▶ **EXERCISE INSTRUCTIONS**:
The part below that opens with the line containing "a view of kitchen with counter top space" and closes with the line containing "A woman wrapped" should be copied exactly, minus any pictures.

▶ **INPUT MATERIAL**:

▼

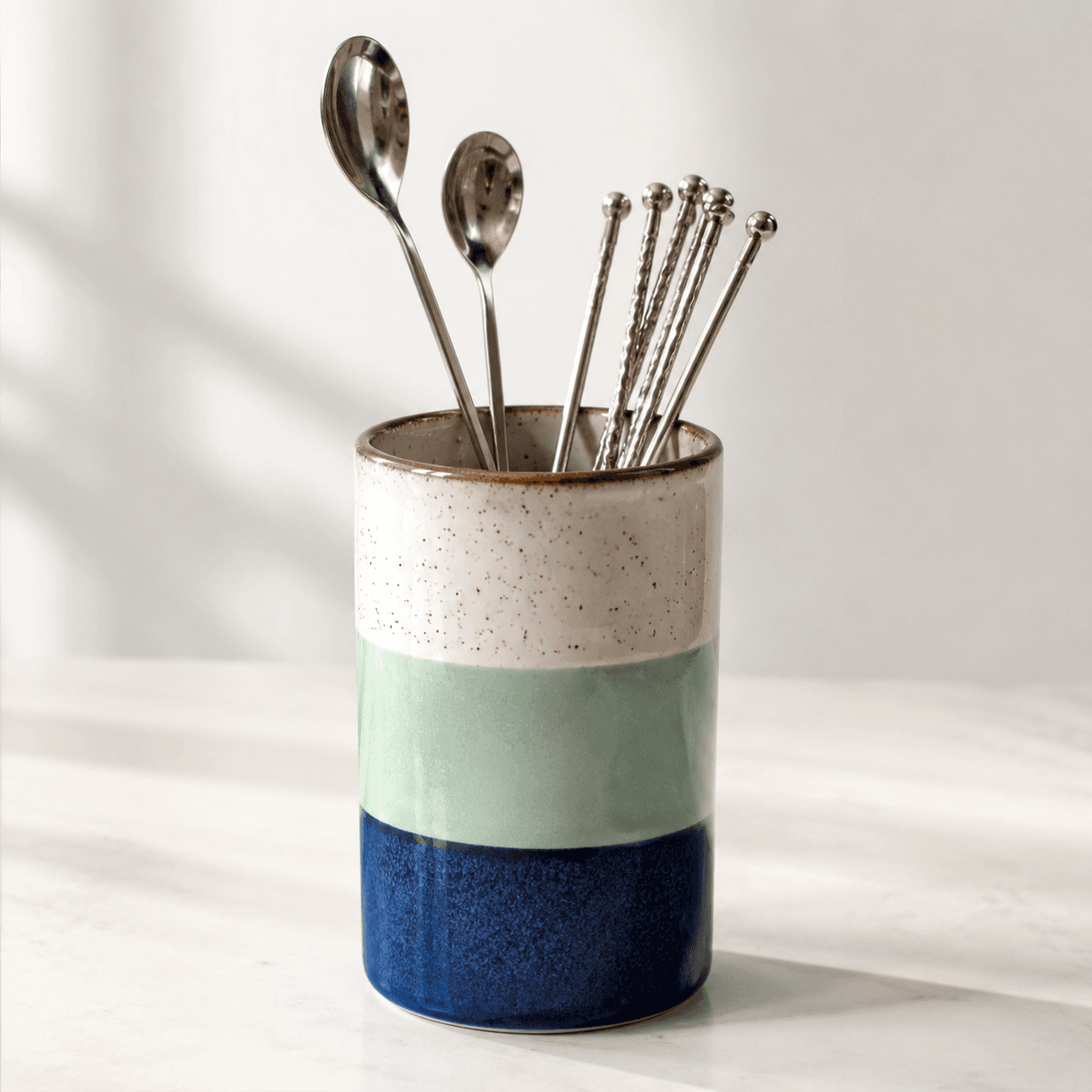 Stirrer Cup — An upright ceramic cup that holds stirrers, spoons and small tools.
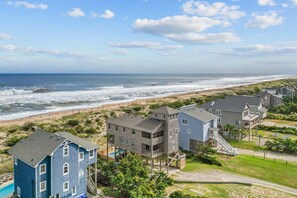 A coastal residential area with houses near the beach, featuring a pool and a view of the ocean.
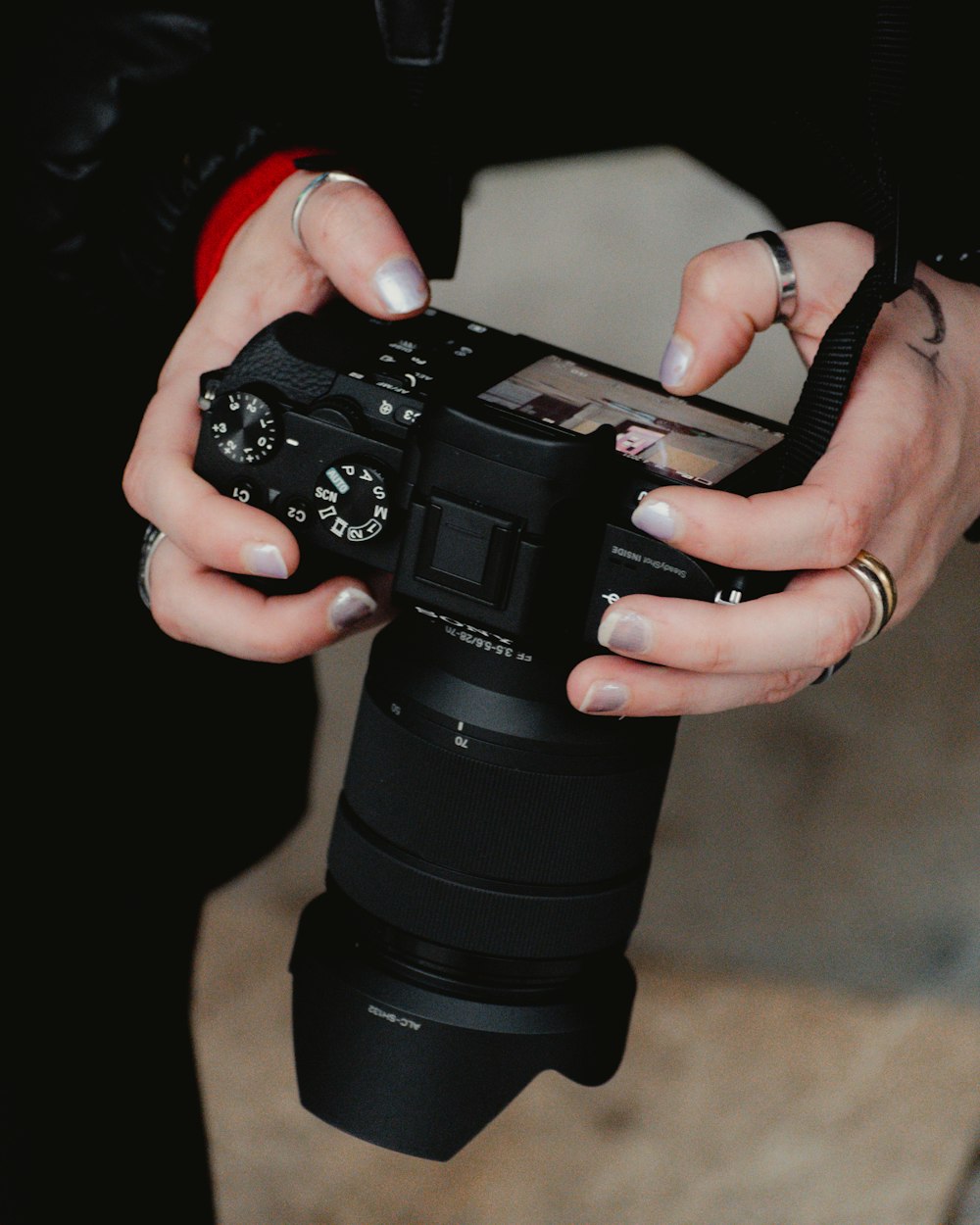 a woman holding a camera in her hands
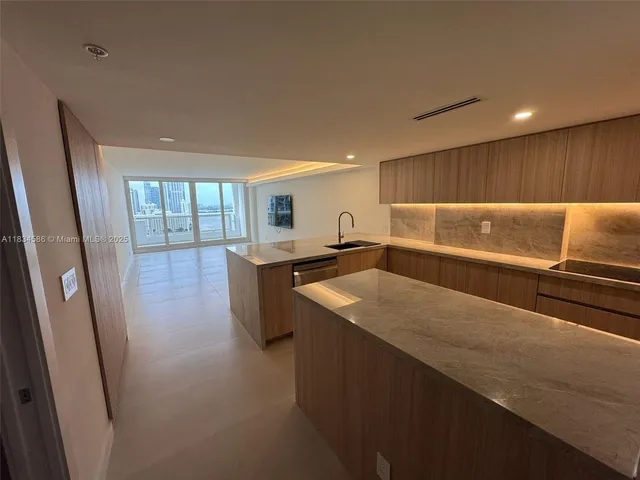 a view of kitchen with counter top space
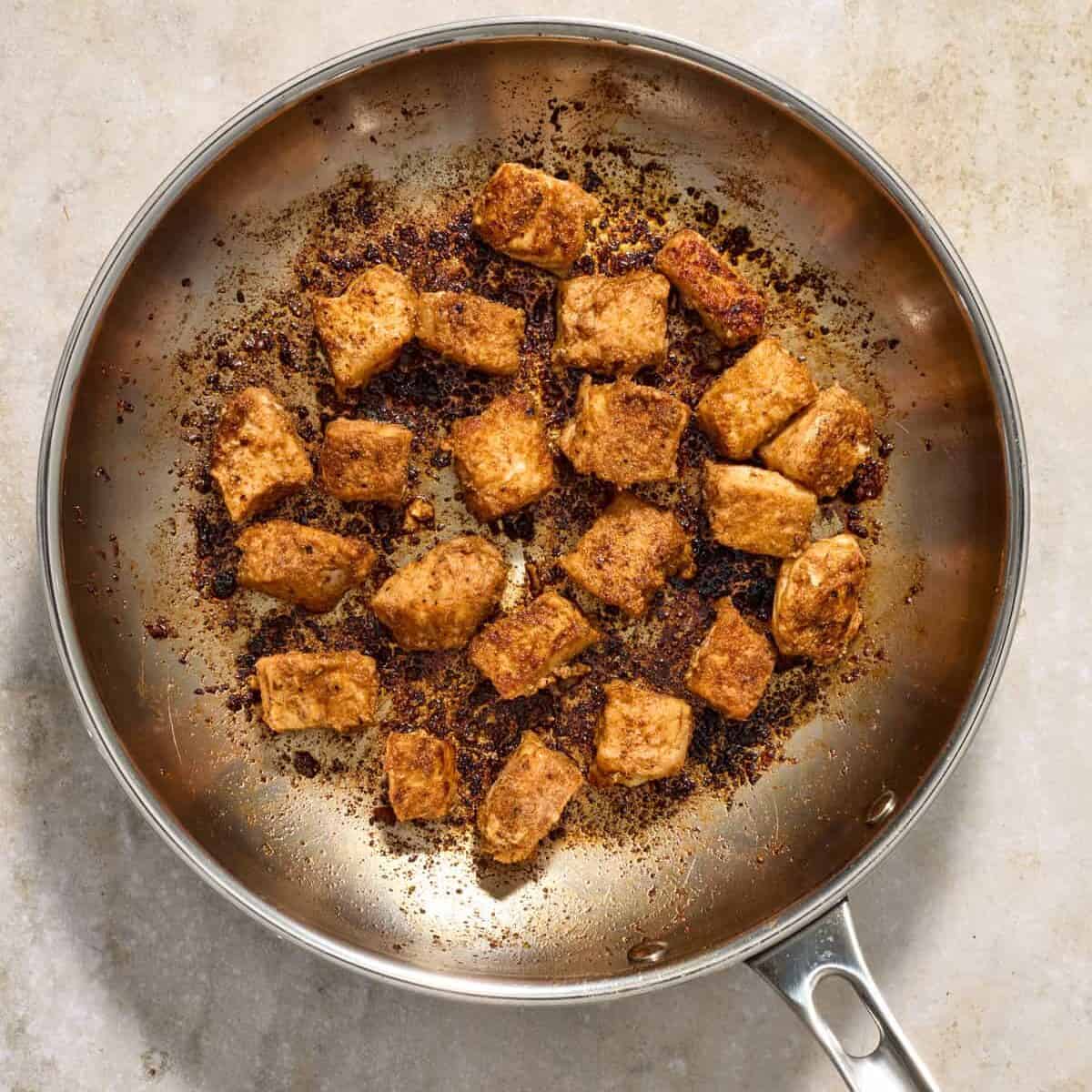 Skillet with cooked fish bites for tacos.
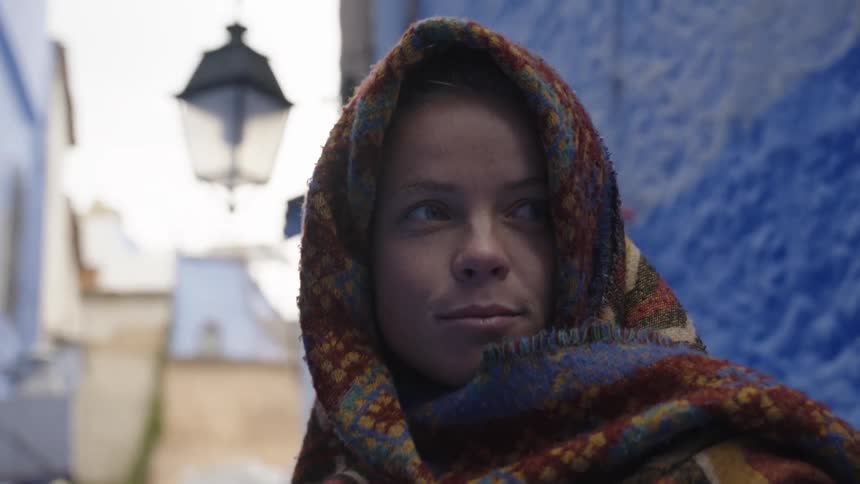 A woman wrapped in a colorful patterned shawl walks through a narrow blue painted alleyway glancing contemplatively to the side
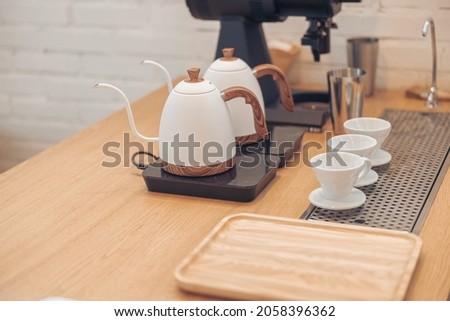 Wooden counter with kettles, coffee cups and tray in cafeteria Royalty-Free Stock Photo #2058396362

▲

▶ **FINAL ANSWER**:
 a view of kitchen with counter top space
 Skillet with cooked fish bites for tacos.
 A woman wrapped in a colorful patterned shawl walks through a narrow blue painted alleyway glancing contemplatively to the side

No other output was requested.